Aim of the exercise :: Give again, exactly as written, the lines of the records below from the line with "Premium Vector dari" to the line with "Nov 7, 2023;". Both end lines count; pictures do not.

The data ::

╔══

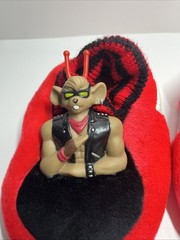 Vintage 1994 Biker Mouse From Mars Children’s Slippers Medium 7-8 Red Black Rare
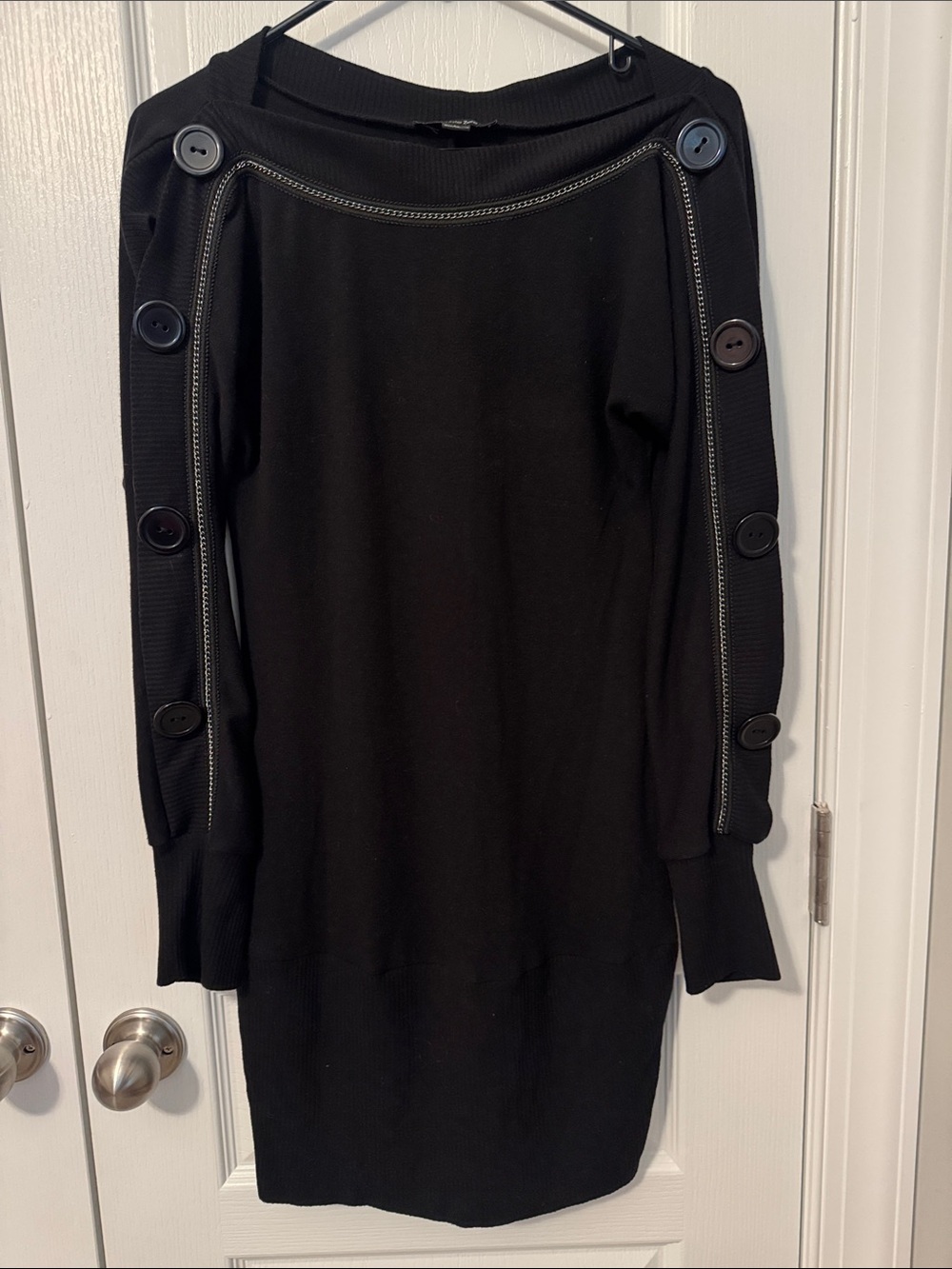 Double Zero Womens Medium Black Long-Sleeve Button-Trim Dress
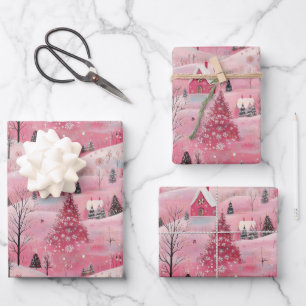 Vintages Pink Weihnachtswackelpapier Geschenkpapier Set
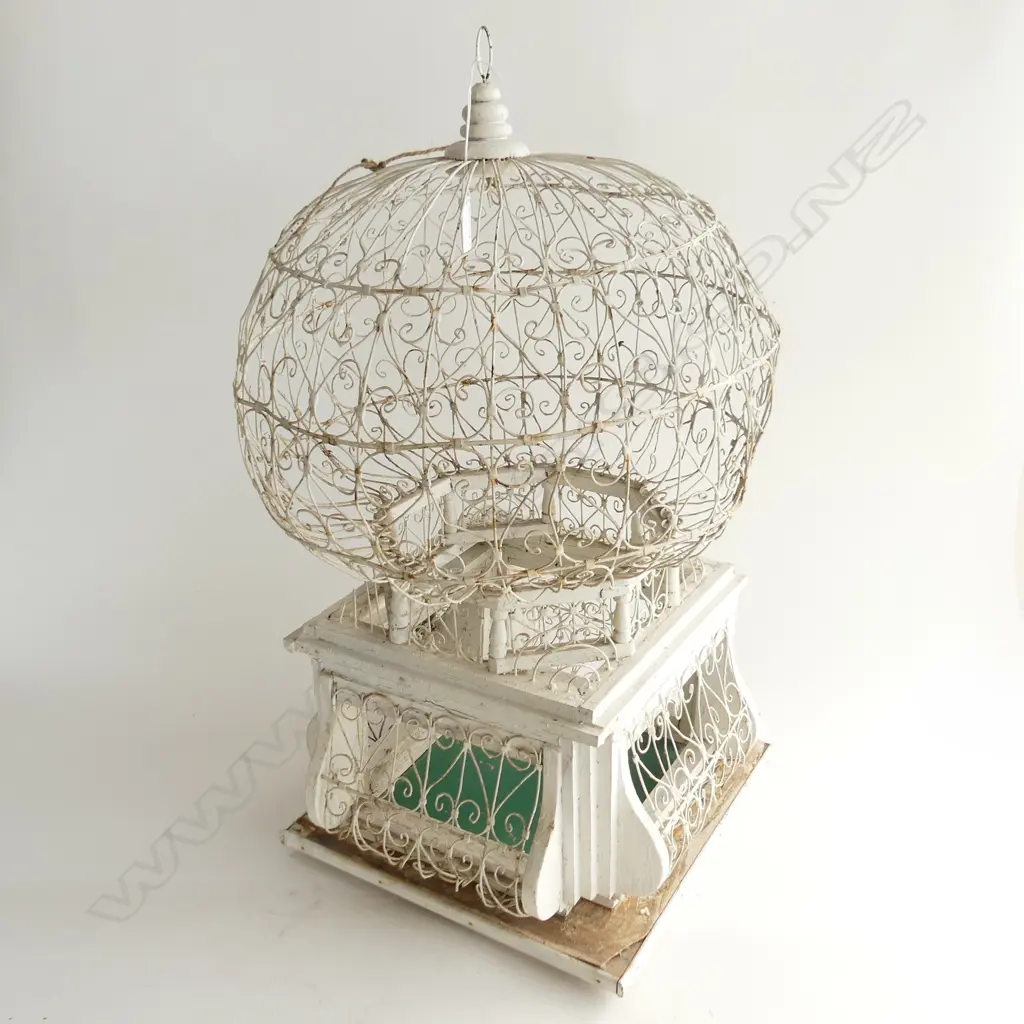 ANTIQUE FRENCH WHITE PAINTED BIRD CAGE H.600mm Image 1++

╚══
╔══

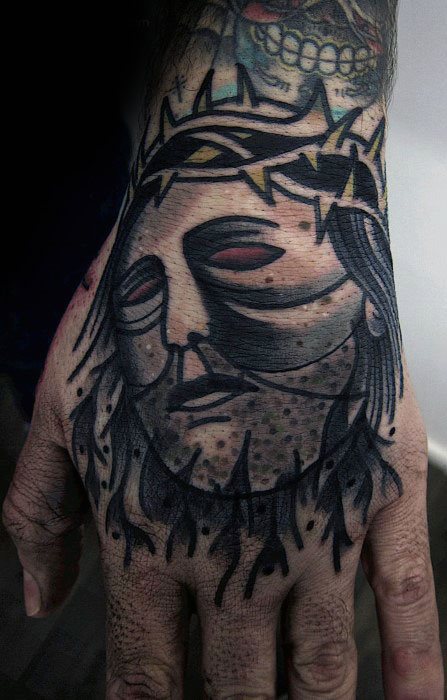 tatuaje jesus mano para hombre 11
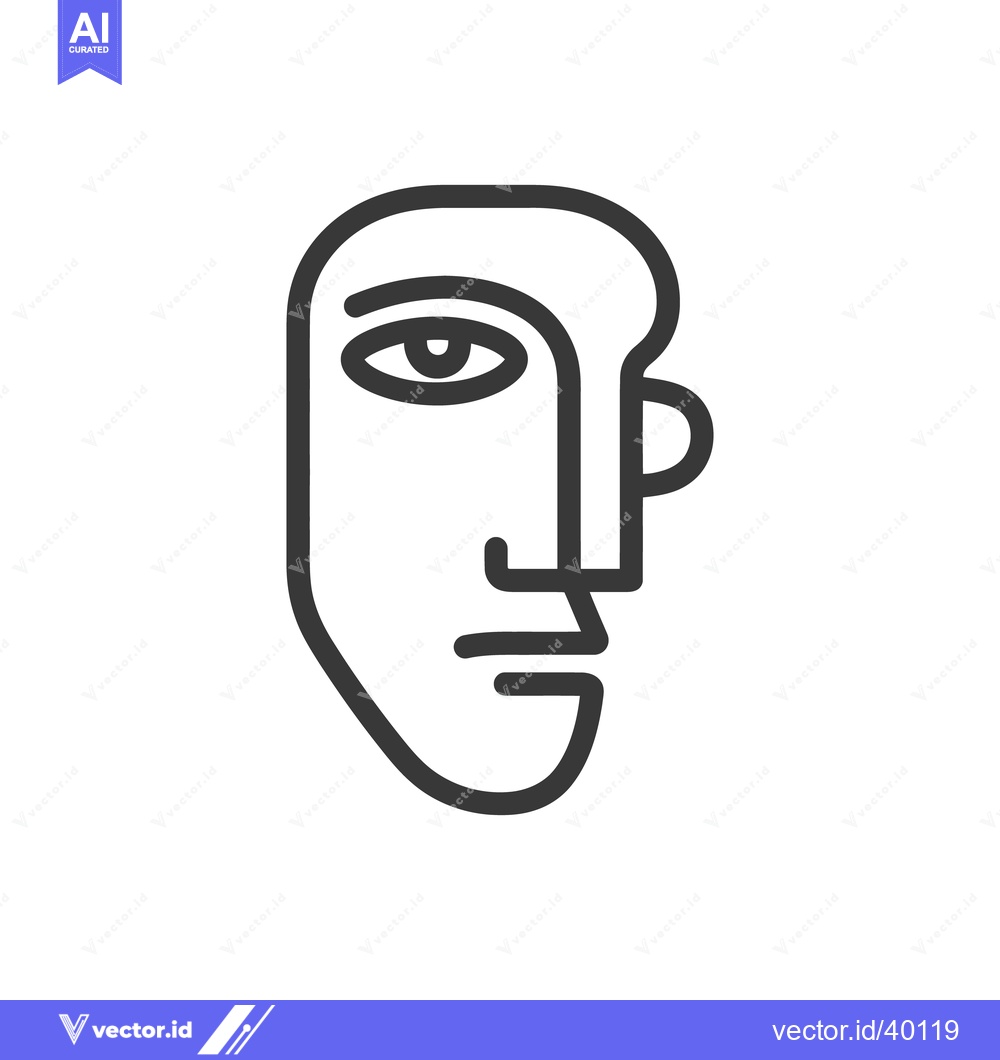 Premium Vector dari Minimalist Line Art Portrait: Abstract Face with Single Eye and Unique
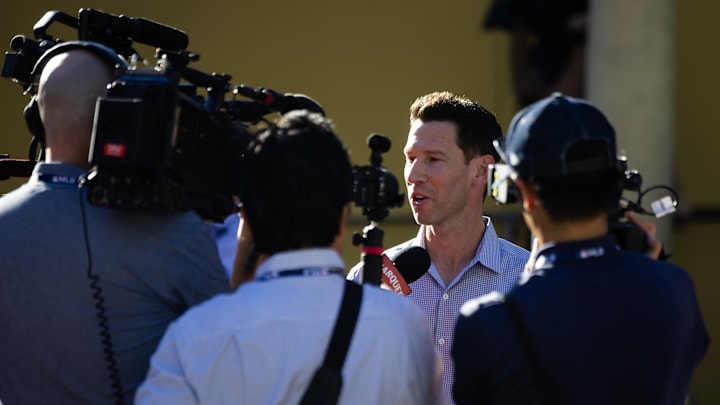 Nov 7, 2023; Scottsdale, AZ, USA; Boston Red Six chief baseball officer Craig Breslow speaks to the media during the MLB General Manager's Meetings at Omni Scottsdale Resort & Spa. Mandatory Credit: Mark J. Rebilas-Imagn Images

╚══

Task answer ::
 Premium Vector dari Minimalist Line Art Portrait: Abstract Face with Single Eye and Unique
 Nov 7, 2023; Scottsdale, AZ, USA; Boston Red Six chief baseball officer Craig Breslow speaks to the media during the MLB General Manager's Meetings at Omni Scottsdale Resort & Spa. Mandatory Credit: Mark J. Rebilas-Imagn Images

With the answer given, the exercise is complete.